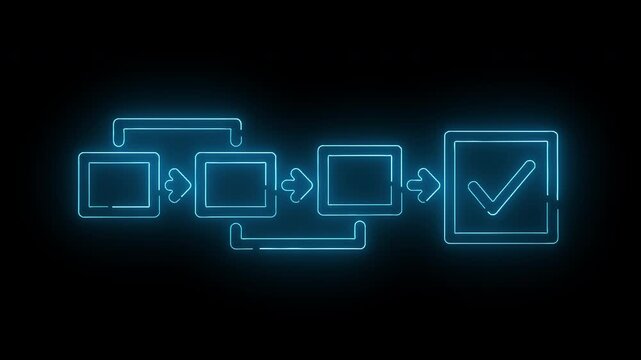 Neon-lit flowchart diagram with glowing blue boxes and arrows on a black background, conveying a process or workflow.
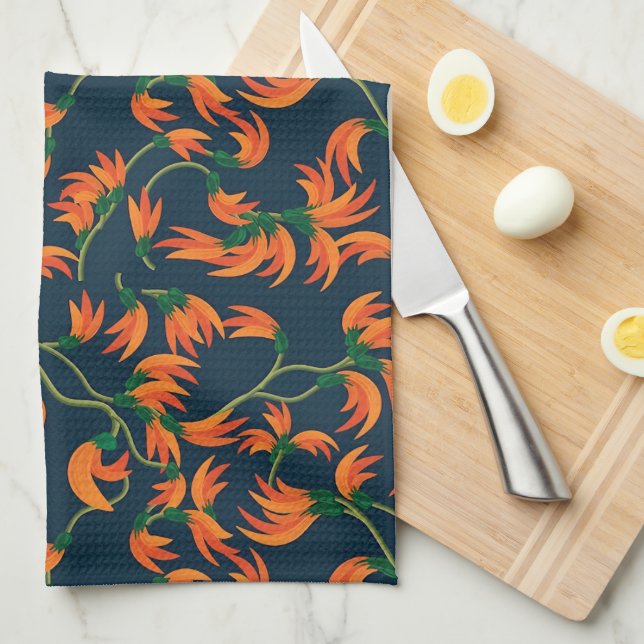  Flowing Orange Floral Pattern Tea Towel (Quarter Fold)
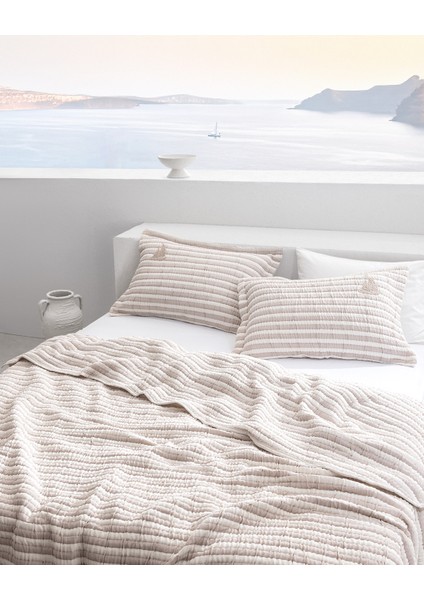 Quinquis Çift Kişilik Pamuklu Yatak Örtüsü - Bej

------------------------------------

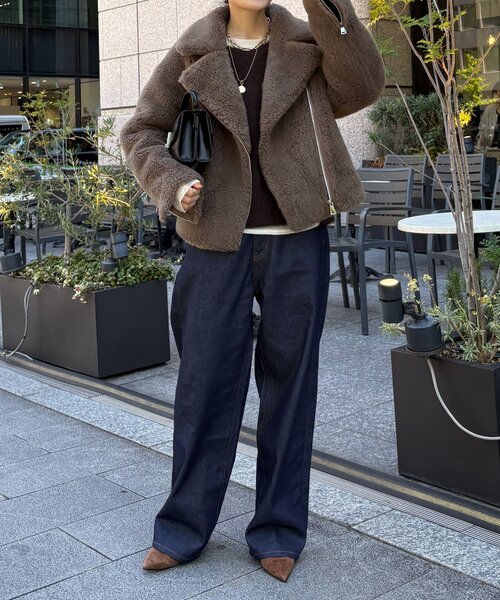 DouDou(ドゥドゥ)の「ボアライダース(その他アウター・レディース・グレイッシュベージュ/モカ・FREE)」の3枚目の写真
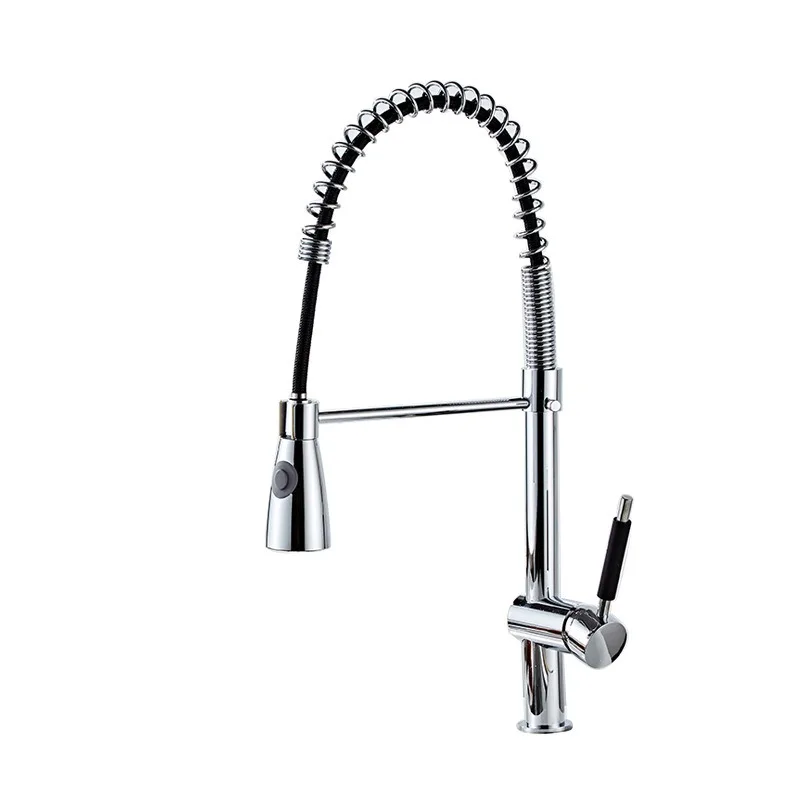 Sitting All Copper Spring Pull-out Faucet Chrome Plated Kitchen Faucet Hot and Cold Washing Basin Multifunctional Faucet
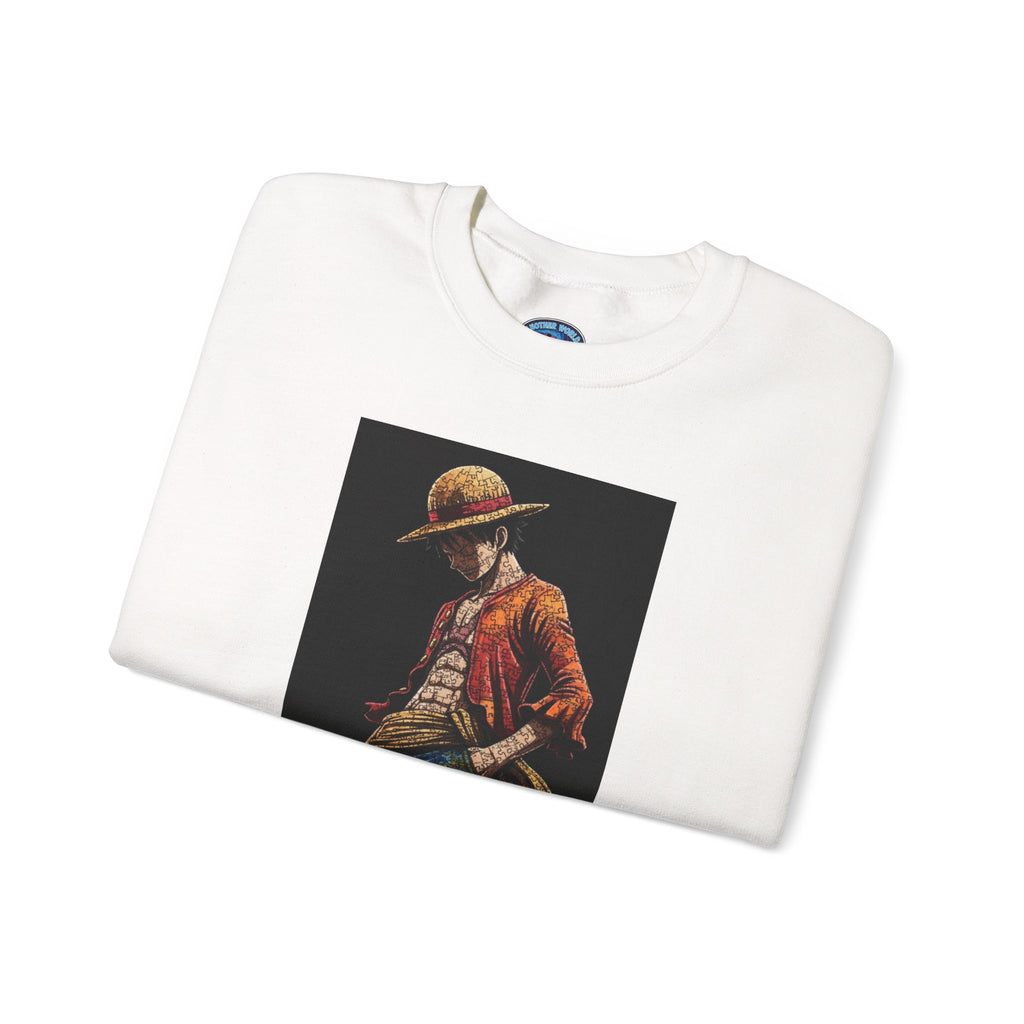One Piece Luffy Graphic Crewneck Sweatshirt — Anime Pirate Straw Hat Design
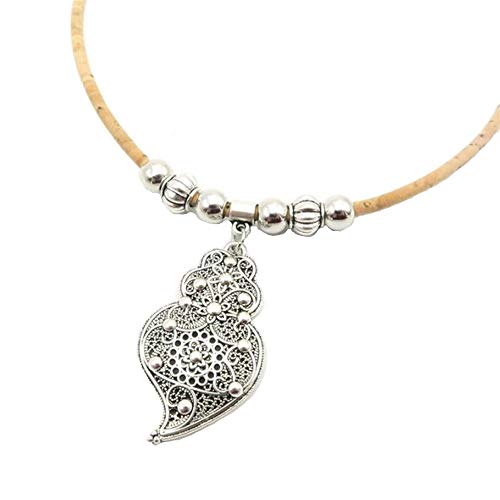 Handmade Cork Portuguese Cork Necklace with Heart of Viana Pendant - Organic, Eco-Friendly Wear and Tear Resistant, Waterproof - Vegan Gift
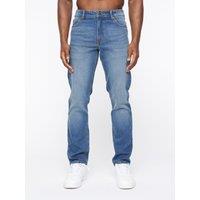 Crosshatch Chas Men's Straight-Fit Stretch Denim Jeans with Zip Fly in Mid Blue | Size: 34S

------------------------------------

* AIM OF THE TASK *
The answer must be the lines above from the one containing "Sitting All Copper" through the one containing "Crosshatch Chas Men's", reproduced exactly, with no pictures and nothing else.

* ANSWER SPACE *
 Sitting All Copper Spring Pull-out Faucet Chrome Plated Kitchen Faucet Hot and Cold Washing Basin Multifunctional Faucet
One Piece Luffy Graphic Crewneck Sweatshirt — Anime Pirate Straw Hat Design
 Handmade Cork Portuguese Cork Necklace with Heart of Viana Pendant - Organic, Eco-Friendly Wear and Tear Resistant, Waterproof - Vegan Gift
 Crosshatch Chas Men's Straight-Fit Stretch Denim Jeans with Zip Fly in Mid Blue | Size: 34S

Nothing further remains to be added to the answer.